◆ Aim of the exercise ◆
Using the entries that follow, collect the lines where the word "blue" appears.

↓↓↓

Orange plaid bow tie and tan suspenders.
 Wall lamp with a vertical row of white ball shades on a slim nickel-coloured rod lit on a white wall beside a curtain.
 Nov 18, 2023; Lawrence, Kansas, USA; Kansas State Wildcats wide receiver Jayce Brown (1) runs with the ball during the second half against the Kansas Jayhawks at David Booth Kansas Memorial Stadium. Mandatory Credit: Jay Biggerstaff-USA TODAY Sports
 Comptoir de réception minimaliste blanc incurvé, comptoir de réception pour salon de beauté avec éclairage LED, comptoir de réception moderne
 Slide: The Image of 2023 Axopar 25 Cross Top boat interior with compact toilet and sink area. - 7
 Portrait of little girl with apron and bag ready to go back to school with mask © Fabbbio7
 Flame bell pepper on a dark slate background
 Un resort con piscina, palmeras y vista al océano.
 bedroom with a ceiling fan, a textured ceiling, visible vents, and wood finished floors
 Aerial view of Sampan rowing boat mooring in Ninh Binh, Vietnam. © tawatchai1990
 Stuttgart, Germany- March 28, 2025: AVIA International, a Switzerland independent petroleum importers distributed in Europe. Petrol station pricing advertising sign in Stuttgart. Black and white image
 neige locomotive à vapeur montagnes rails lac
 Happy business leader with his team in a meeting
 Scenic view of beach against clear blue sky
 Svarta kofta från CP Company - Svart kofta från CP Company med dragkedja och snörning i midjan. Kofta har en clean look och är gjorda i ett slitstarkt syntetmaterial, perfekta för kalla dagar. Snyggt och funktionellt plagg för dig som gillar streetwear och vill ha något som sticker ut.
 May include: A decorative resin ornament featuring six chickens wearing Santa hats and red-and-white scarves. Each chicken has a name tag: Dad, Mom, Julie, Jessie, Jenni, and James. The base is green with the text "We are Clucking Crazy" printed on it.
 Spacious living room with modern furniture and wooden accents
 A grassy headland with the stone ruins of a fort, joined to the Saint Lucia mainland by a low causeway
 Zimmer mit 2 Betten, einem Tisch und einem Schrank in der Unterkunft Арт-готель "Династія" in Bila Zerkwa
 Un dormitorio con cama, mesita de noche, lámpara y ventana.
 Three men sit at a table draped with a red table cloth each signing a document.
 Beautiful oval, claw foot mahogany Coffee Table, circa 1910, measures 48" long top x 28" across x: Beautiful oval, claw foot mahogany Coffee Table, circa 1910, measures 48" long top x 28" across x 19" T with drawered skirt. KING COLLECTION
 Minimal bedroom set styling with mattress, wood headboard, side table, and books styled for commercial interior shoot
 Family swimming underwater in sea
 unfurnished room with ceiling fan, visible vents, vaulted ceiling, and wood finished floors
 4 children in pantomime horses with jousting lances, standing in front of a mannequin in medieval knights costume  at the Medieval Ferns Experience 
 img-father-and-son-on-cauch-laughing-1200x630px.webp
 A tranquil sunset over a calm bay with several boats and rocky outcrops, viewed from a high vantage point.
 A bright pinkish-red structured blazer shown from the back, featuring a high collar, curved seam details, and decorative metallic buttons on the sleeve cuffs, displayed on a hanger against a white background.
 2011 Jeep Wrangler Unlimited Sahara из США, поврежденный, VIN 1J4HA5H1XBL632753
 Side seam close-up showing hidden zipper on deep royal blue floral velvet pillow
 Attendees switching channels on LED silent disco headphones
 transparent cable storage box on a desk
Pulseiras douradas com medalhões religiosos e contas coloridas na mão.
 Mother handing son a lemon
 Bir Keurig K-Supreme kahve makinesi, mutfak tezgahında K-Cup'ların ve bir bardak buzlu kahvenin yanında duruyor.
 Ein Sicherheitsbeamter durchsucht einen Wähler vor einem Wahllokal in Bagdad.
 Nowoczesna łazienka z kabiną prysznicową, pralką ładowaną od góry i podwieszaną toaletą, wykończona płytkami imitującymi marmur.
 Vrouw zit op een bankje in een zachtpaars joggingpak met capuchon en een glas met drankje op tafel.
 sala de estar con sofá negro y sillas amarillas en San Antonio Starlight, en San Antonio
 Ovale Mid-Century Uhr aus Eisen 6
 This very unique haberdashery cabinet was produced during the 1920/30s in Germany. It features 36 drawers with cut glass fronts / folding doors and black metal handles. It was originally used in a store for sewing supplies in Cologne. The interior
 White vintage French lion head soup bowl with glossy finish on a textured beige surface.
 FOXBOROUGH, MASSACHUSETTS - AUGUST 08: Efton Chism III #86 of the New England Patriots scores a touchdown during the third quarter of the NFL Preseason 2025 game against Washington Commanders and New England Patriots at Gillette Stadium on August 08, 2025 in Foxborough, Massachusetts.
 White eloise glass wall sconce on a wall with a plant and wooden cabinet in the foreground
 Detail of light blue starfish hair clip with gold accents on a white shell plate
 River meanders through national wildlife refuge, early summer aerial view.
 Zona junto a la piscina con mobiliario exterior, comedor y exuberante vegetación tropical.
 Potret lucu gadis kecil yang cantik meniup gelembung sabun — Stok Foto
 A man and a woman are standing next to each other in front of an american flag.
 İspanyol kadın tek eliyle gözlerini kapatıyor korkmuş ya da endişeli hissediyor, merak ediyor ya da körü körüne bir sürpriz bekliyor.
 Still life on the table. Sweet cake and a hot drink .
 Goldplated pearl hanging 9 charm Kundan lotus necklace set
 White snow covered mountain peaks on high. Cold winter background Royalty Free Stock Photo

↑↑↑

◆ Result for this exercise ◆
 Scenic view of beach against clear blue sky
 Side seam close-up showing hidden zipper on deep royal blue floral velvet pillow
 Detail of light blue starfish hair clip with gold accents on a white shell plate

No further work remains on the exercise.